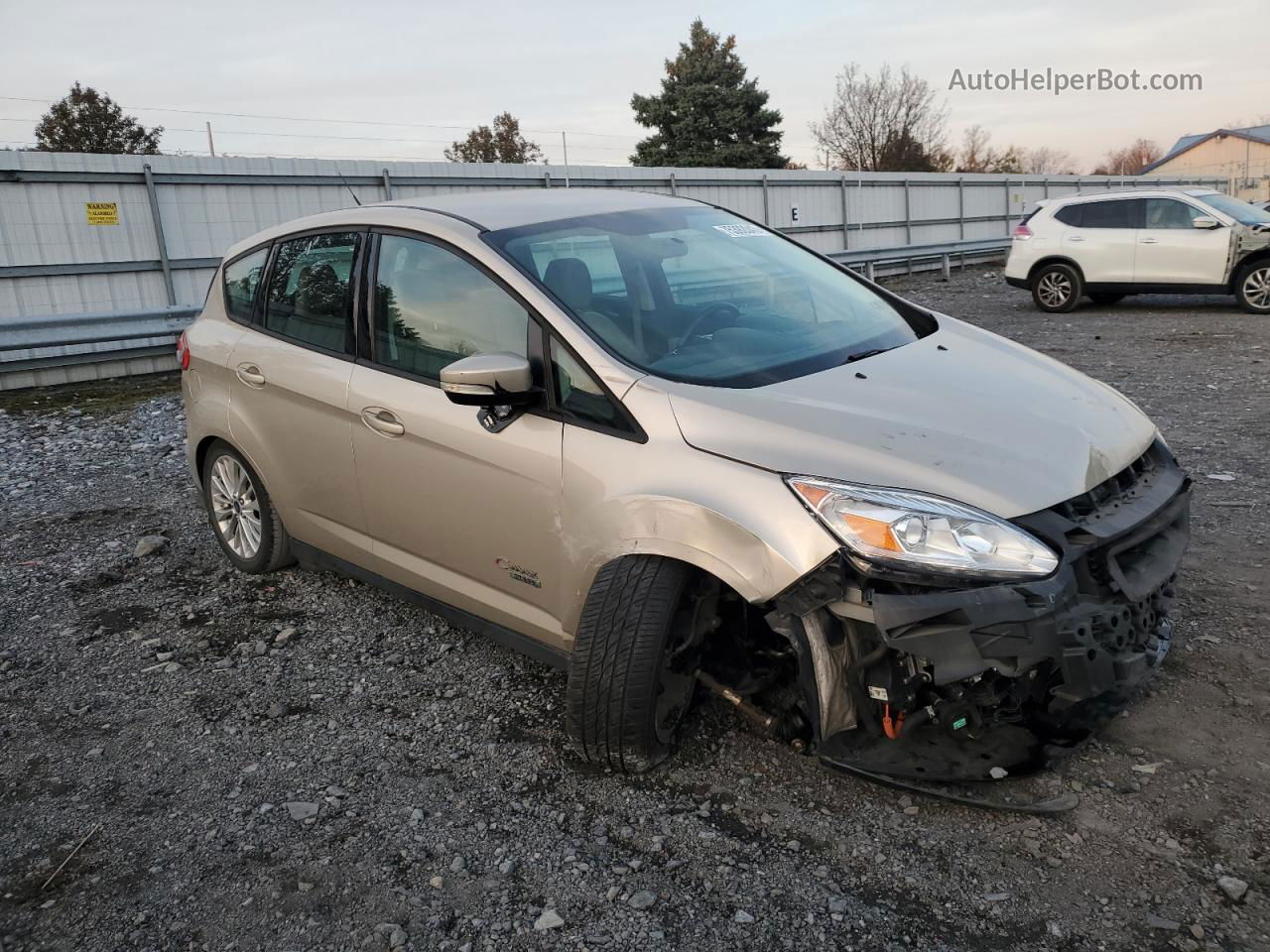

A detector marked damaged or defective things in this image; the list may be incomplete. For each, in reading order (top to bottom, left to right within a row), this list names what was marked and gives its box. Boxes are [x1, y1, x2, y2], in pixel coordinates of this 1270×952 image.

detached front wheel [1031, 262, 1081, 314]
detached front wheel [566, 558, 715, 776]
damaged front end [715, 444, 1189, 791]
front bumper missing [772, 438, 1189, 781]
++++++++++++++++++++
**WHAT IS REQUIRED**
Word for word, print all of the data; skip the pictures.

**TASK RESULT**
A detector marked damaged or defective things in this image; the list may be incomplete. For each, in reading order (top to bottom, left to right within a row), this list names what was marked and gives its box. Boxes are [x1, y1, x2, y2], in pixel coordinates of this 1270×952 image.

detached front wheel [1031, 262, 1081, 314]
detached front wheel [566, 558, 715, 776]
damaged front end [715, 444, 1189, 791]
front bumper missing [772, 438, 1189, 781]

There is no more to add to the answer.